Nevada Consumer Advocate Tim Hay defended his policy of hiring and paying consultants, saying the state is getting more than its money's worth through lower utility rates and legal recoveries.
"We're bringing bucketloads of money to the state, and most of that is going to consumers," said Hay, who represents ratepayers during rate hearings before the Public Utilities Commission. "We can justify every dime we spend."
Hay's response came Thursday, a day after the state's Executive Branch Audit Committee reviewed a draft audit that found Hay's Bureau of Consumer Protection office spent $539,999 during the fiscal year ending June 30 on consultants and expert witnesses. Officials said the spending was more than 40 states in the nation.
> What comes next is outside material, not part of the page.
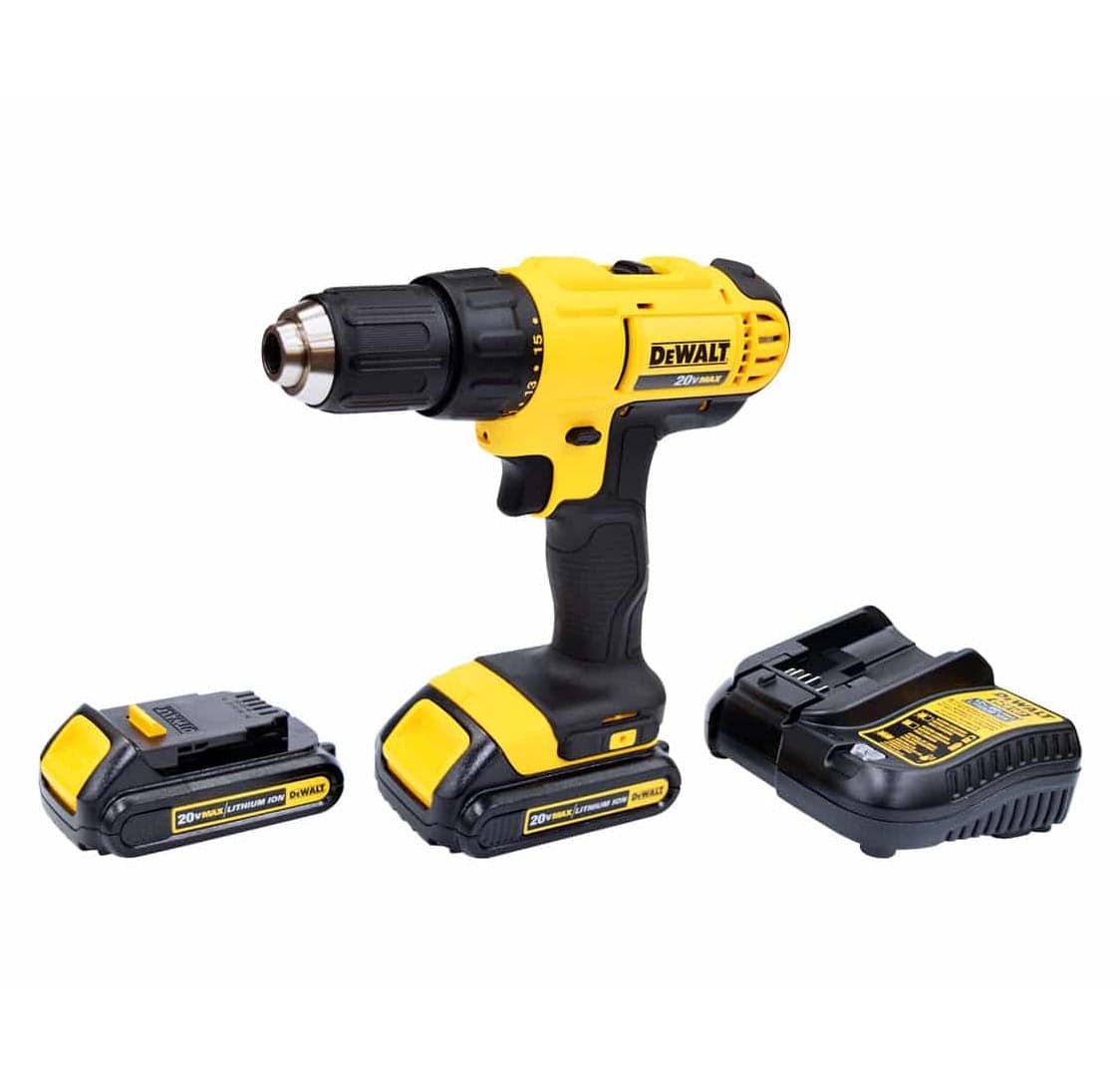 Taladro Atornillador 20V Inalambrico 1-2 DCD771C2 Dewalt Herramienta — imagen 1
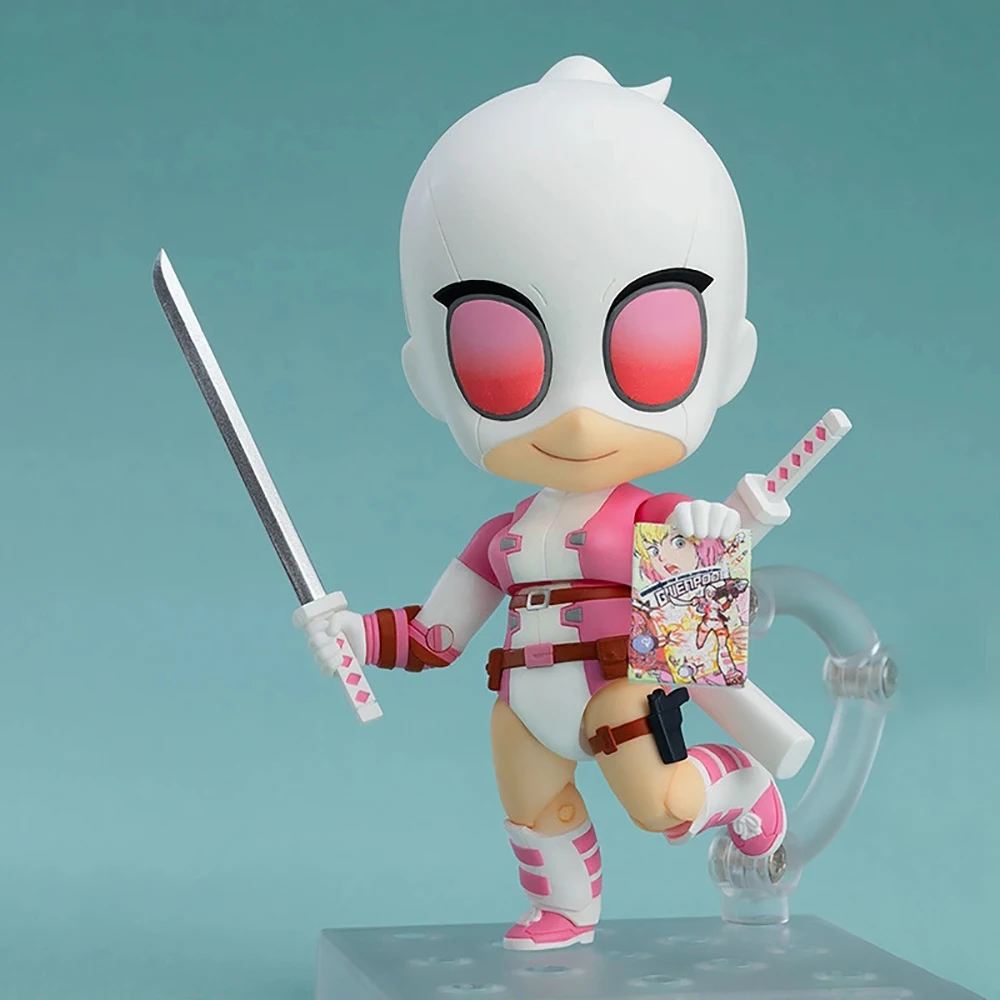 Хорошая улыбка Nendoroid 1696 Gwenpool Дэдпул ГСК комиксы Marvel Аниме фигурки игрушки |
Hay's office handled big rate increase requests in 2002 - including a record $922 million Nevada Power Co. rate hike that the PUC cut almost in half.
Hay noted he negotiated a $48 million settlement in March from El Paso Corp. over alleged manipulation of the natural-gas market.
His bureau also takes credit for $719,000 in recoveries from legal fights over deceptive trade practices and $93,000 for antitrust actions.
The draft audit recommends the attorney general evaluate the cost of using staff workers, who typically earn $42 to $55 an hour, instead of consultants charging $175 to $210 an hour.
The consumer protection office currently employs about 30 people, including 20 deputy attorneys general or utility experts. The Public Utilities Commission, by comparison, employs about 80 people.
Hay, a Democrat appointed by former Attorney General Frankie Sue Del Papa, has been at odds with current Attorney General Brian Sandoval, a Republican who serves on the audit committee. Hay's term expires in 2005.